__Exercise objective__. Skip the pictures and write out, word for word, the lines below from the one with "vidaXL Bathroom Furniture" through the one with "DRESS IN YELLOW", inclusive.

__Given records__.
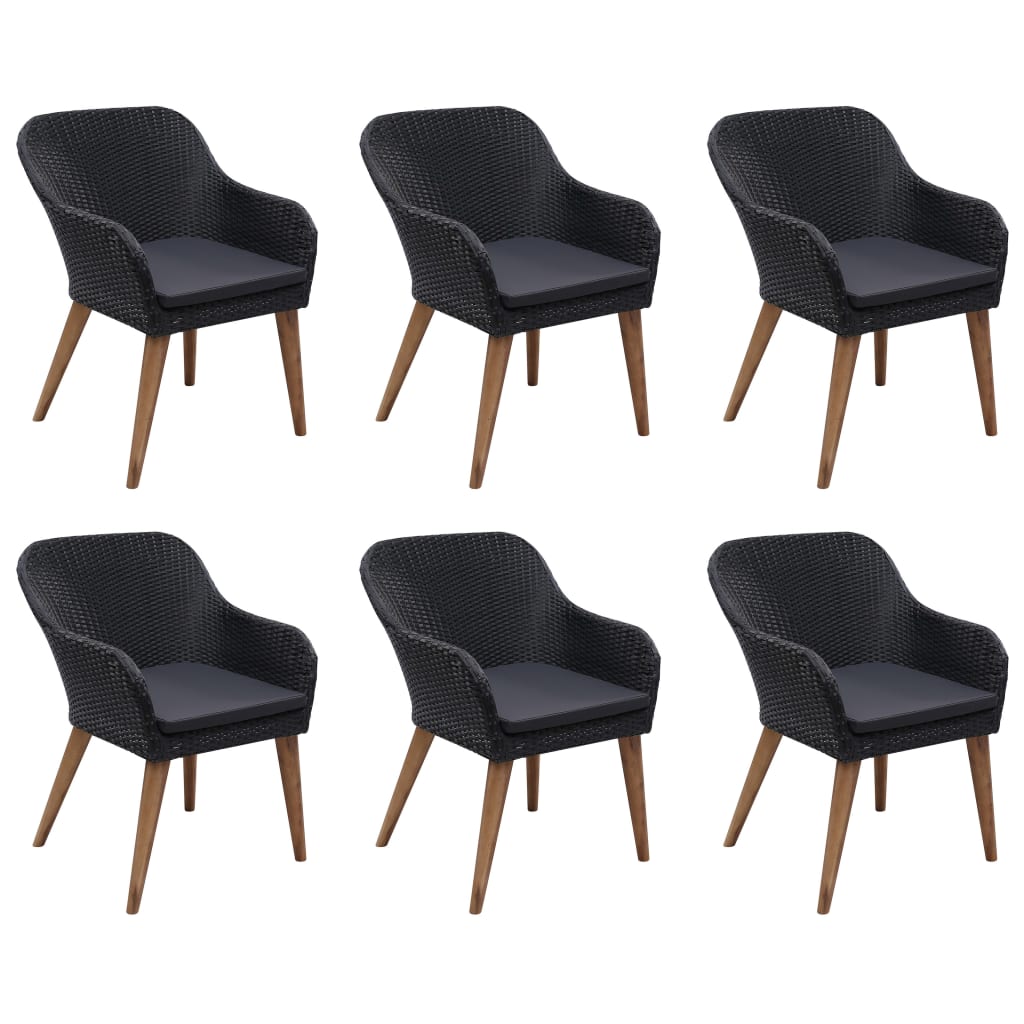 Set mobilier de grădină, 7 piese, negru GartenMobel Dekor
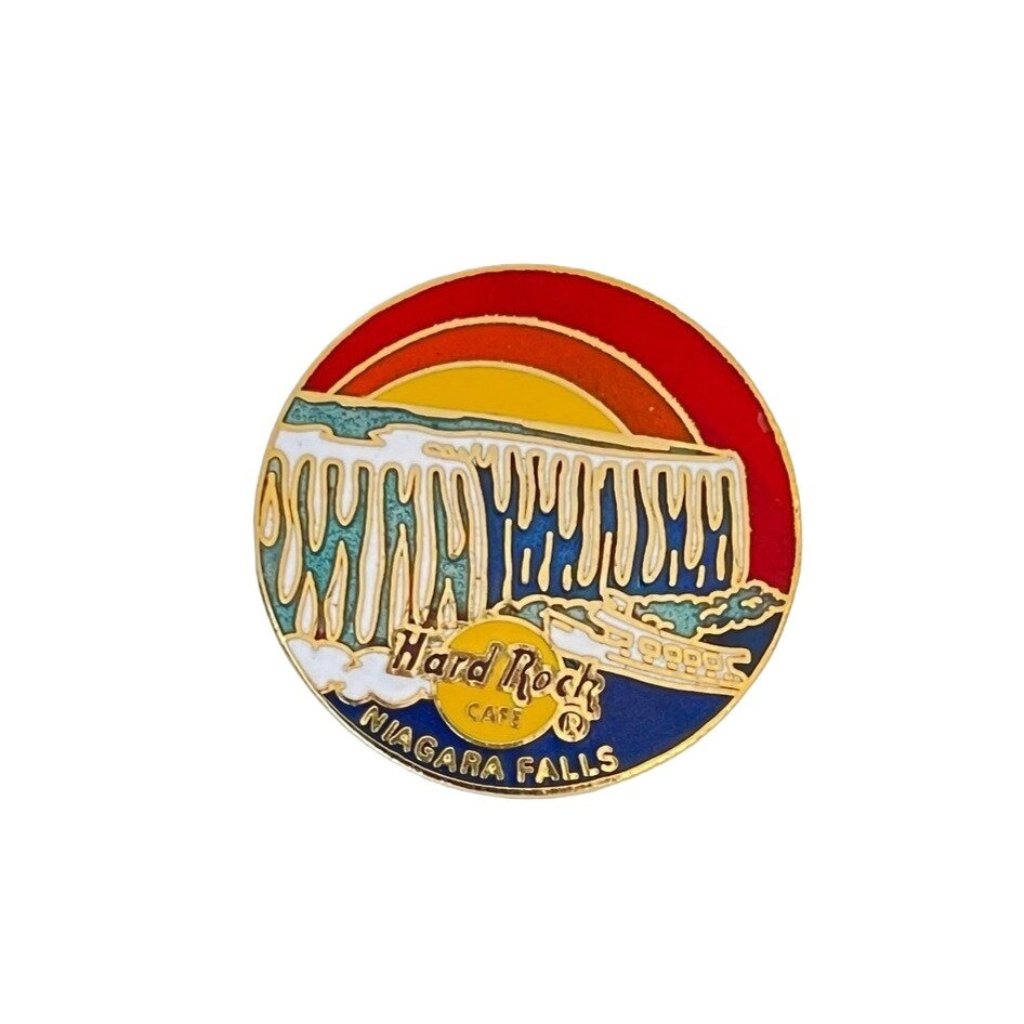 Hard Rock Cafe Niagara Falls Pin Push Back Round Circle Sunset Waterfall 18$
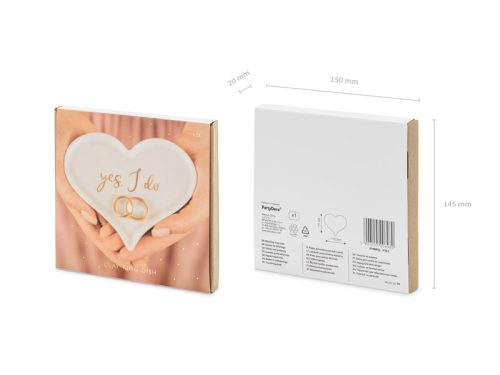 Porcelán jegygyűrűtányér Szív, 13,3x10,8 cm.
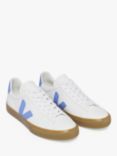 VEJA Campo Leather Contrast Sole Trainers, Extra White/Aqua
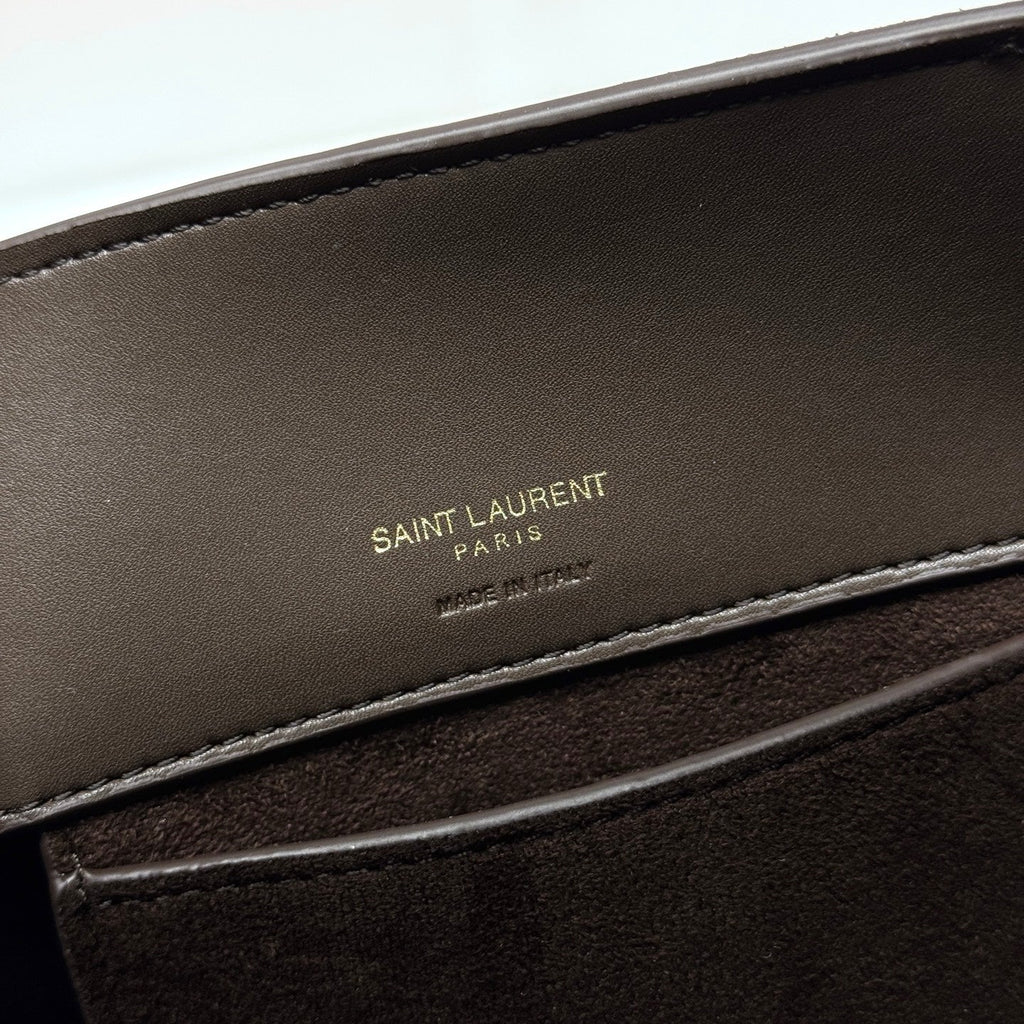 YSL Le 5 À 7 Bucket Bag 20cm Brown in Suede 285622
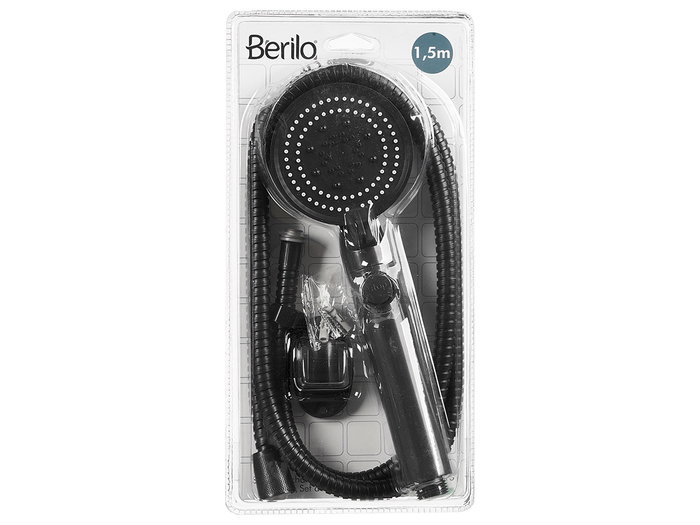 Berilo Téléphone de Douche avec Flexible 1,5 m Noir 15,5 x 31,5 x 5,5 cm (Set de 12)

* * *

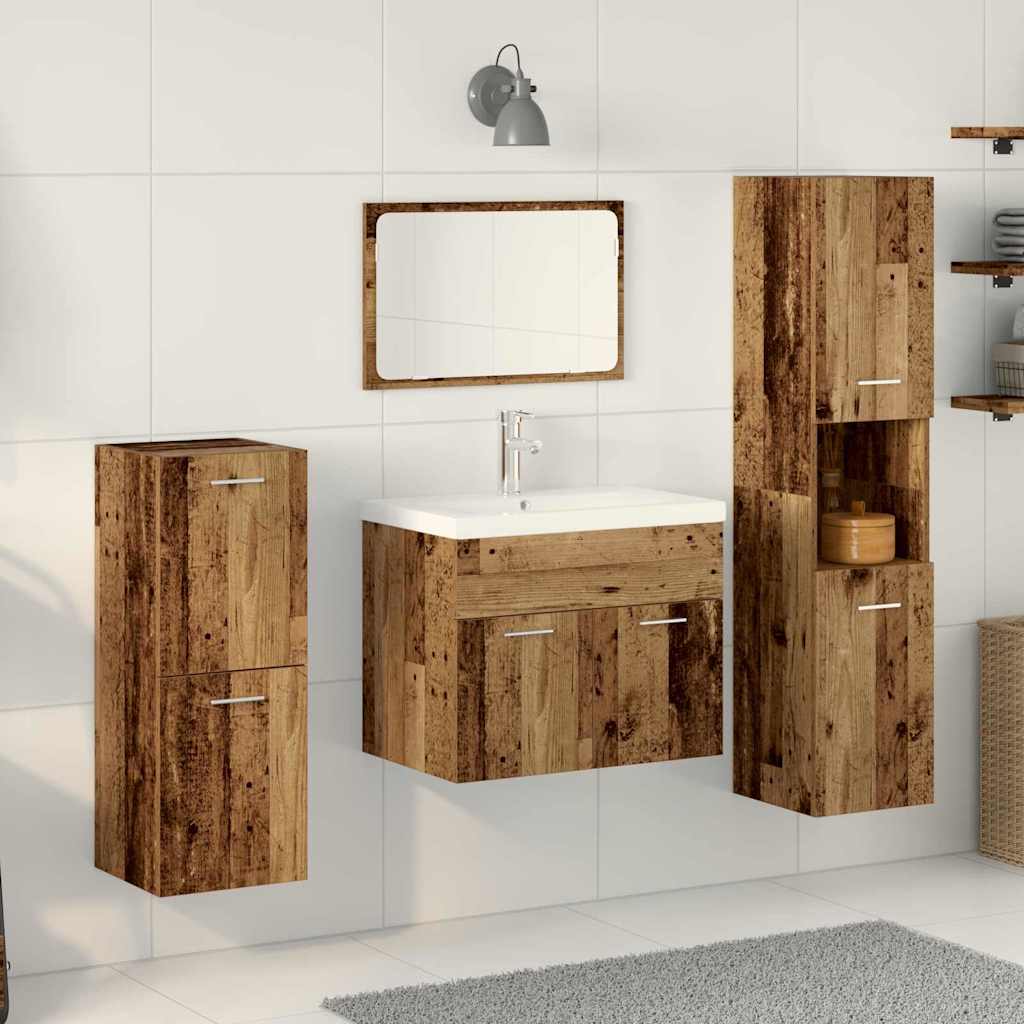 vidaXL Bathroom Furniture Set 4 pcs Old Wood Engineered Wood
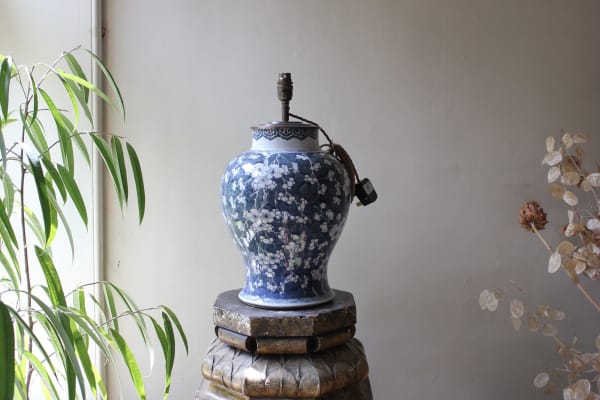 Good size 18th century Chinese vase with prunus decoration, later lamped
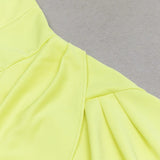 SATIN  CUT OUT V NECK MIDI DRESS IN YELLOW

__Answer section__.
 vidaXL Bathroom Furniture Set 4 pcs Old Wood Engineered Wood
 Good size 18th century Chinese vase with prunus decoration, later lamped
 SATIN  CUT OUT V NECK MIDI DRESS IN YELLOW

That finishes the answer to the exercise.